Weighting loss vs changing learning rate (using SGD)

j-piland · June 20, 2023, 5:07am

I want to be sure that weighting the loss in pytorch gets the same weights result as changing learning rate would.
The gradients attached to the weights will be different, but that’s fine.
This math works on paper, so I’m curious about the implementation.

In short, is Loss * 1 with lr = 2 the same as Loss * 2 with lr=1. EDIT: and would that apply to any equivalent pair?
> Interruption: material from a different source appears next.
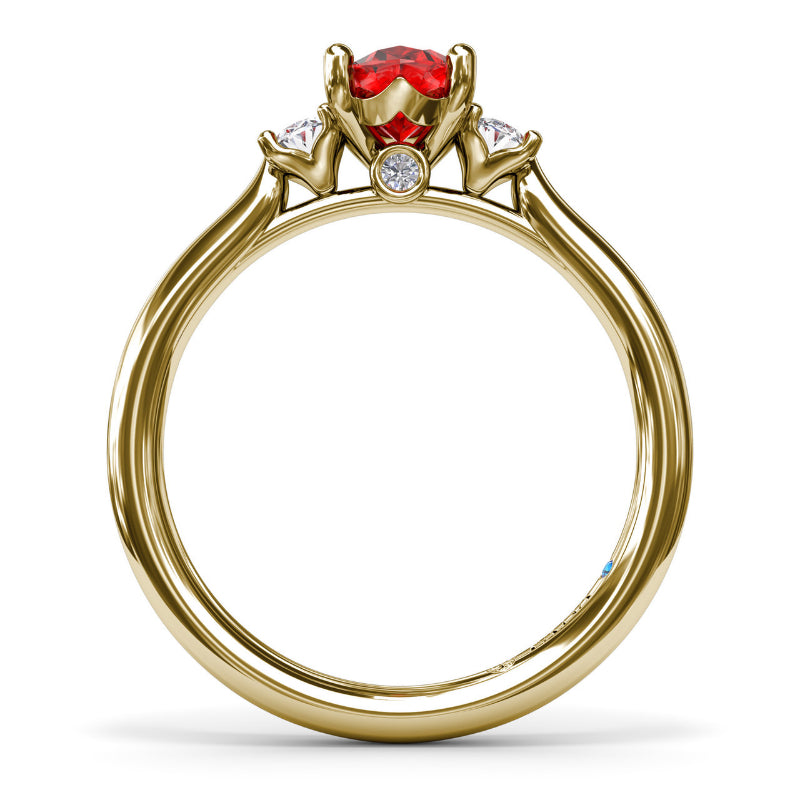 Fana Three Stone Ruby and Diamond Ring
Here is two short bits of code that demonstrate the behavior that I want:

With lr=2

import torch as t

inp = t.tensor([[.1,.2,.3],[.2,.3,.4],[.4,.5,.6]], requires_grad=True)
w1 = t.tensor([[.1,.2,.3],[.2,.3,.4],[.4,.5,.6]], requires_grad=True)
w2 = t.tensor([[.1,.2,.3],[.2,.3,.4],[.4,.5,.6]], requires_grad=True)

a = (inp*w1)
b = (a*w2)
L = b.sum()

L.backward()
opt = t.optim.SGD([w1,w2],lr=2)
opt.step()
print(w1,w2,sep='\n')
print(w1.grad,w2.grad,sep='\n')

With L*2

import torch as t

inp = t.tensor([[.1,.2,.3],[.2,.3,.4],[.4,.5,.6]], requires_grad=True)
w1 = t.tensor([[.1,.2,.3],[.2,.3,.4],[.4,.5,.6]], requires_grad=True)
w2 = t.tensor([[.1,.2,.3],[.2,.3,.4],[.4,.5,.6]], requires_grad=True)

a = (inp*w1)
b = (a*w2)
L = b.sum()

L = 2*L

L.backward()
opt = t.optim.SGD([w1,w2],lr=1)
opt.step()
print(w1,w2,sep='\n')
print(w1.grad,w2.grad,sep='\n')

ptrblck · June 20, 2023, 8:14am

I’m not sure if I understand this part correctly, but while your approach would work for a plain SGD optimizer, it will not work for more advanced ones, such as Adam.

j-piland · June 21, 2023, 2:54am

Thank you, I think that was what I was looking for.

Still, for clarity’s sake, I meant any pair of weight/learning rate combinations that result in the same value.
I.e., w=2 and lr=1 should be the same as w=1 and lr=2; w=3/lr=4 same as w=6/lr=2 and so on.

Also, thanks for the reminder that it only works with optimizers that aren’t changing the learning rate or doing other fancy things.